When you reach the line containing "It has a 2-year", begin reproducing the material exactly, stop after the line containing "This video shows", and leave out any pictures along the way.

--- EXCERPTED DATA Enclosed Below ---

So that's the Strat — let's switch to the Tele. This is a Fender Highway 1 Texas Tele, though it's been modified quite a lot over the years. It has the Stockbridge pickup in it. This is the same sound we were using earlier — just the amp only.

--- End of Enclosed EXCERPTED DATA ---
--- EXCERPTED DATA Enclosed Below ---

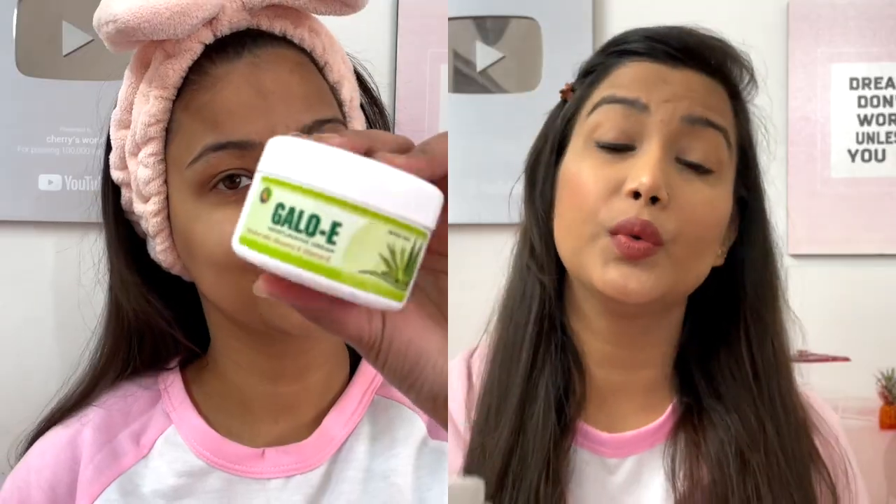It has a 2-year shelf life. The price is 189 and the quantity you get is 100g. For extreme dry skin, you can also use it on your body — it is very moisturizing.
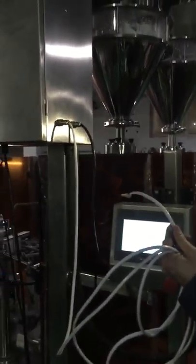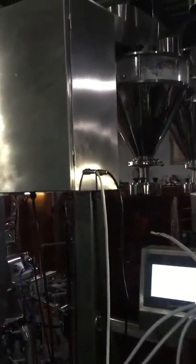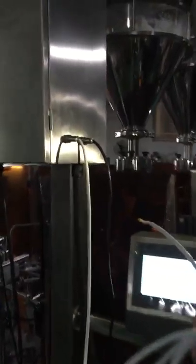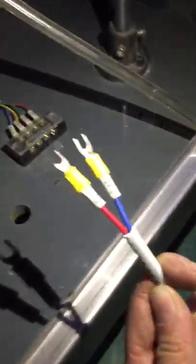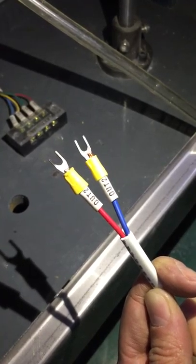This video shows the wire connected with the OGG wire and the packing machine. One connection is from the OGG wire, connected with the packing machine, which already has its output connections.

--- End of Enclosed EXCERPTED DATA ---
--- EXCERPTED DATA Enclosed Below ---

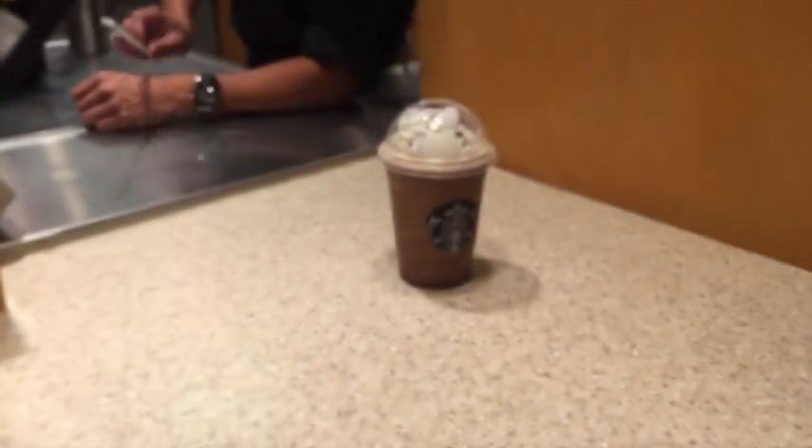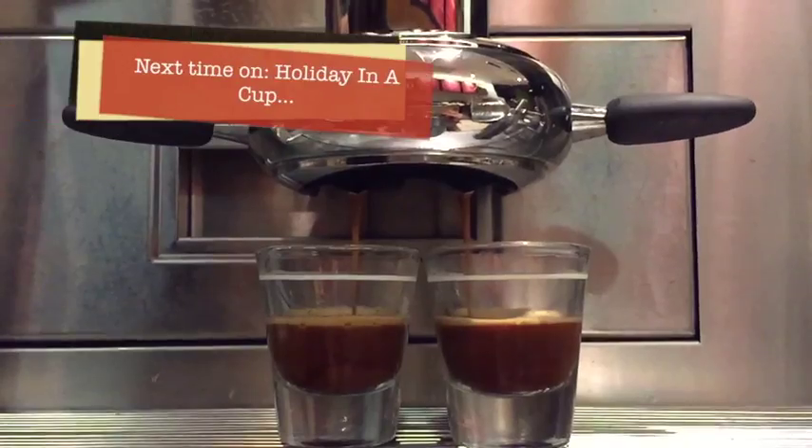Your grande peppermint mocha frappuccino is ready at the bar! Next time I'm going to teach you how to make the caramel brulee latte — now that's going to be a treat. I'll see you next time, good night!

--- End of Enclosed EXCERPTED DATA ---

## ANSWER TO THE PROBLEM
It has a 2-year shelf life. The price is 189 and the quantity you get is 100g. For extreme dry skin, you can also use it on your body — it is very moisturizing.
This video shows the wire connected with the OGG wire and the packing machine. One connection is from the OGG wire, connected with the packing machine, which already has its output connections.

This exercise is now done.